The Rev. Raphael Warnock, of Ebenezer Baptist Church in Atlanta, has been a leading voice against the gun law.

“Our politicians, tragically, are owned by the gun lobby,” Warnock said this week. “We will remind them in November that they work for the people.”

The vote also has riled national Democrats, whom Carter's campaign will depend on for funding. Carter himself alluded to this during his Monday appearance on MSNBC’s “The Daily Rundown.”

“I know a lot of national Democrats and others have been upset or angry about this, and I’ve heard from a lot of them,” Carter said.

But an official at the Democratic Governors Association downplayed any significant impact on Carter’s fundraising.

“He outraised Nathan Deal 5 to 1 in the first quarter of this year," the DGA official said in an email, asking not to be identified by name in order to speak frankly about campaign strategy. "It's had less than no impact. National donors (namely in DC and NYC) want him to win, and if he took every vote they wanted him to, he would most certainly lose.”

Neither Carter nor Deal could raise money directly during the legislative session, so their first quarter fundraising number was based on only 11 days at the end of March, after the session ended. Carter raised $416,000 to Deal’s $84,000, The Associated Press reported. But the governor has far more money on hand than Carter: $3.9 million to $1.6 million.

The unwelcome attention to the gun bill comes at a time when another big variable -- the Republican primary for an open U.S. Senate seat in Georgia -- is not going the way Democrats might have hoped. Rep. Paul Broun (R-Ga.) and Rep. Phil Gingrey (R-Ga.) have faded in recent polls to the back of a five-candidate pack. Both have records of controversial and provocative comments that would make them potentially galvanizing targets for Democrats, if either became the nominee. They would be running against an impressive female candidate on the Democratic side with her own famous name: Michelle Nunn, daughter of former Sen. Sam Nunn.

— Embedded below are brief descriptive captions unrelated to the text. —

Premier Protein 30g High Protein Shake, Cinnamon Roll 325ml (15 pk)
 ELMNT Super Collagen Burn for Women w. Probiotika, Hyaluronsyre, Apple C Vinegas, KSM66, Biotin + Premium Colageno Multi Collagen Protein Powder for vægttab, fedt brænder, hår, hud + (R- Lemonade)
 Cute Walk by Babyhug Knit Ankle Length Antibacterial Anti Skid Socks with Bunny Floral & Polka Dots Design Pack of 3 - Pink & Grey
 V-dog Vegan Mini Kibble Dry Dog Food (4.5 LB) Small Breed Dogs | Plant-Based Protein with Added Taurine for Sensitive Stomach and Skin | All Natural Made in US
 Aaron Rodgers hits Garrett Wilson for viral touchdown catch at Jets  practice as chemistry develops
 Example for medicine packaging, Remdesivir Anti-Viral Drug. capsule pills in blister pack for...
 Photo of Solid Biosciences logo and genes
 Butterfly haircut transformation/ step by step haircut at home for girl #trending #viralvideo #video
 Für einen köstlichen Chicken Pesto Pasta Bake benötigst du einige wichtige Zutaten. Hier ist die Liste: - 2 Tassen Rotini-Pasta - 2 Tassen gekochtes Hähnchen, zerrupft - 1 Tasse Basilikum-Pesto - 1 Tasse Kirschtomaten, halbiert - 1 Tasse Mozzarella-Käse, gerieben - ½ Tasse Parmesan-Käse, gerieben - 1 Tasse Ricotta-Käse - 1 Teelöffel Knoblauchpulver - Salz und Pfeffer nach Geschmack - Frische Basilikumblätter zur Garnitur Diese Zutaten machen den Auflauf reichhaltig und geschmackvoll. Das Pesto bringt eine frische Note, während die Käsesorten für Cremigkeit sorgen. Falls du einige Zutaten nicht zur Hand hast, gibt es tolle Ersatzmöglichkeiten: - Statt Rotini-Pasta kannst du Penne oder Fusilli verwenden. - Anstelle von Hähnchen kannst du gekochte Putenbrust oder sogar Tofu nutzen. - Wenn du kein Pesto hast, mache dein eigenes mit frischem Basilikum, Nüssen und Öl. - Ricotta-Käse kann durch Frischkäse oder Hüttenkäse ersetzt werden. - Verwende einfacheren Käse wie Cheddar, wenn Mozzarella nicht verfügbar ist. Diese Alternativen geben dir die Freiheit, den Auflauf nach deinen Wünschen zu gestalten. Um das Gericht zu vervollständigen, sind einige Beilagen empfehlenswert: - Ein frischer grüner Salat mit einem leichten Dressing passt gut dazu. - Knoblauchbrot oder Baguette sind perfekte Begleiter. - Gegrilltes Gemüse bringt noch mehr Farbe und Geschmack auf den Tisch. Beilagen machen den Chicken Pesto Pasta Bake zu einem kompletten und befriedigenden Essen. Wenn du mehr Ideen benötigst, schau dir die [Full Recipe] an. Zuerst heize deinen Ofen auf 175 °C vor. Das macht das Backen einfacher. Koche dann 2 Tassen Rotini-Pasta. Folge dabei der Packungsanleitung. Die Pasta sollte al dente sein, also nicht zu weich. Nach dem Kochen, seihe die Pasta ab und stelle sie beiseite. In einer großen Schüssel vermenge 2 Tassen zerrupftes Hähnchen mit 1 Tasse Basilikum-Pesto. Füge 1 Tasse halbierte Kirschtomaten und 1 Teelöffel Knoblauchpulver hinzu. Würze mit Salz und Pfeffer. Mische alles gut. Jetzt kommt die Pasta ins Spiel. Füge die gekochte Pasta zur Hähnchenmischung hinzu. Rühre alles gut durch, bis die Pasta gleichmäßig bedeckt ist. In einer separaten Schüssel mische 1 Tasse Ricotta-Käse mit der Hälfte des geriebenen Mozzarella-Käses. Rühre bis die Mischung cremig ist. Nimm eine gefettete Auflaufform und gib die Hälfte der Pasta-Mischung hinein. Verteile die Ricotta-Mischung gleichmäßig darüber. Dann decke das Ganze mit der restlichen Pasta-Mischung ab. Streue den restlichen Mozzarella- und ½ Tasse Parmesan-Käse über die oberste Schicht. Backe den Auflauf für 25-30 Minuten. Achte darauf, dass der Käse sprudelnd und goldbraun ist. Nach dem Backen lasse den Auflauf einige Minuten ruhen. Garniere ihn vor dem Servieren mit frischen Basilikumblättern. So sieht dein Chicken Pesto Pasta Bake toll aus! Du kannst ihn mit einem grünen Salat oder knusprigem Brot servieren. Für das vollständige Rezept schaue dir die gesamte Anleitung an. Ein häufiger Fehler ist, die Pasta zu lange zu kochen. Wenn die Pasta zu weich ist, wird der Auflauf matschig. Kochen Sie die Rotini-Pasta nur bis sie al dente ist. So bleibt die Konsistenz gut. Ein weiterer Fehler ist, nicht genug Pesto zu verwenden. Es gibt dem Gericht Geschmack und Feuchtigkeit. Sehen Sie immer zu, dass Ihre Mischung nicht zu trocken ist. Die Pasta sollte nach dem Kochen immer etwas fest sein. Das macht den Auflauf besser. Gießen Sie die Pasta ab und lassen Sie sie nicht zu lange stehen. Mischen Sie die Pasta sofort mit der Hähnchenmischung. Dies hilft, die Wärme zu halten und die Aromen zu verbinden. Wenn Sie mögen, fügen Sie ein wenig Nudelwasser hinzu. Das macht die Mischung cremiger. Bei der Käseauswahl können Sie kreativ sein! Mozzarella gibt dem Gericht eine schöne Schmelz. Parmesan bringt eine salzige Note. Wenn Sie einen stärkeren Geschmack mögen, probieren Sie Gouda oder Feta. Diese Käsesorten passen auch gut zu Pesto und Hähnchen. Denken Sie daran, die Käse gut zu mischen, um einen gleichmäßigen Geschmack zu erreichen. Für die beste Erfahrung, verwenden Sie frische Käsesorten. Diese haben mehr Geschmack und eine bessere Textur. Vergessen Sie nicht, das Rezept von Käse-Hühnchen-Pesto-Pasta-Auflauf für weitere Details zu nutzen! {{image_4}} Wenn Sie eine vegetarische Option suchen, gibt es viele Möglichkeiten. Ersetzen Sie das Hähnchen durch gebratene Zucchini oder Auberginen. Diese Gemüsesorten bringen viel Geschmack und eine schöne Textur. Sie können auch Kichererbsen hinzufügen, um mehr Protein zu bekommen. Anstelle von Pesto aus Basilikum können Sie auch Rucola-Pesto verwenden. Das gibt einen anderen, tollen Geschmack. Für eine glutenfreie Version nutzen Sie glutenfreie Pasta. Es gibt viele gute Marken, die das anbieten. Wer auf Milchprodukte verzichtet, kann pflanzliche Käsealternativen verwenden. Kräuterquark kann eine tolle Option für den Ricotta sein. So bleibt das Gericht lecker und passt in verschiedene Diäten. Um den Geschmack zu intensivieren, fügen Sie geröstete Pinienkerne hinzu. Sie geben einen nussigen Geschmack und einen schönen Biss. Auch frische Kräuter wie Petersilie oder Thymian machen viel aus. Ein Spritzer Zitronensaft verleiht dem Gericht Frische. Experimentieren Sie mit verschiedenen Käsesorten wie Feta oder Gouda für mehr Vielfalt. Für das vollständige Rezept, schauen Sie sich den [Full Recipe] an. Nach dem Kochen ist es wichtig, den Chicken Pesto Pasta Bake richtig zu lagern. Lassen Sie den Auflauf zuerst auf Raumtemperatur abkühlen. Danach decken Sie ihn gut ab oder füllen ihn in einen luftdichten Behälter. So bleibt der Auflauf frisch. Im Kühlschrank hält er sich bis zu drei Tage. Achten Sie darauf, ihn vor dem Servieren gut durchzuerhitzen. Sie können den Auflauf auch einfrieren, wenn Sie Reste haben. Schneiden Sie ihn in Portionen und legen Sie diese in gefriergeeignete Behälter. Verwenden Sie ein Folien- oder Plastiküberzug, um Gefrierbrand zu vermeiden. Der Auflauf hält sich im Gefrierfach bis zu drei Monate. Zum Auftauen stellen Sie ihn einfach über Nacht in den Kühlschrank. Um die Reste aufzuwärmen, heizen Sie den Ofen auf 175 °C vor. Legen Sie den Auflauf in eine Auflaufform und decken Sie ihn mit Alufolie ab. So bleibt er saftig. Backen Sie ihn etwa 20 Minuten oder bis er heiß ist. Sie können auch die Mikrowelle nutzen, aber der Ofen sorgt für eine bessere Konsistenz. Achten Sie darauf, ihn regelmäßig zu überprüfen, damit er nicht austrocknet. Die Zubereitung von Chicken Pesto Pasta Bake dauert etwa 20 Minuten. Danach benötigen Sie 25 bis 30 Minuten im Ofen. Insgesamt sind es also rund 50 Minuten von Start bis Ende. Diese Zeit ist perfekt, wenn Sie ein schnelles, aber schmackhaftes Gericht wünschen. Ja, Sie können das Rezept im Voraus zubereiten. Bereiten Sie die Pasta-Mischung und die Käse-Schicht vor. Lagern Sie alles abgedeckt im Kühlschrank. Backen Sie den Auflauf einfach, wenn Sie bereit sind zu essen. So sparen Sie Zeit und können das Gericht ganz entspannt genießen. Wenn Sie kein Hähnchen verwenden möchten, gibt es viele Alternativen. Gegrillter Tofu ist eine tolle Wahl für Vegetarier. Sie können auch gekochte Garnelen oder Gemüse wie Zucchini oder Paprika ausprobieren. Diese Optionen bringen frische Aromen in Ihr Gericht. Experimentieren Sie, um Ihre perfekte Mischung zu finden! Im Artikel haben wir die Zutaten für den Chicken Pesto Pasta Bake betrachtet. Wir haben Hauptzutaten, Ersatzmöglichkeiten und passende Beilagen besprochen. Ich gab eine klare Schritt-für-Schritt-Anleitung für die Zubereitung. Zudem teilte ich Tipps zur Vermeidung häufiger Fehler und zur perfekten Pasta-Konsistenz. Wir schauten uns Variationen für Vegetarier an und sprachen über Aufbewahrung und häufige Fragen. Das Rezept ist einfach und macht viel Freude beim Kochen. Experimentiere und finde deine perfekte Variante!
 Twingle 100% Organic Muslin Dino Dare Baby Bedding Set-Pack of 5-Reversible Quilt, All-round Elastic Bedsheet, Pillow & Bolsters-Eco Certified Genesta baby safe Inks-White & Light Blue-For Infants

"What you don't want [if you're the governor] is a hot war out on your flanks,” said Chuck Clay, a former chairman of the state Republican Party. “[If] you have Paul Broun out there trying to appeal to the hardest right on social issues, religious issues, that creates a danger” for Republicans.

The governor, said Clay, would “rather not have someone out there [in the Senate race] that makes an easy target for Democrats to use as a foil to generate interest.”

The GOP primary on May 20 is likely to create a nearly two-month, two-candidate runoff, since there are five candidates and one must win at least 50 percent of the vote to claim the nomination outright. In the last month, businessman David Perdue and Rep. Jack Kingston (R-Ga) have led the handful of polls released.

The GOP primary could shift again. And minority voters in Georgia could move on and forget Carter’s vote for the gun bill.

But for the moment, both factors are going the wrong direction for Carter.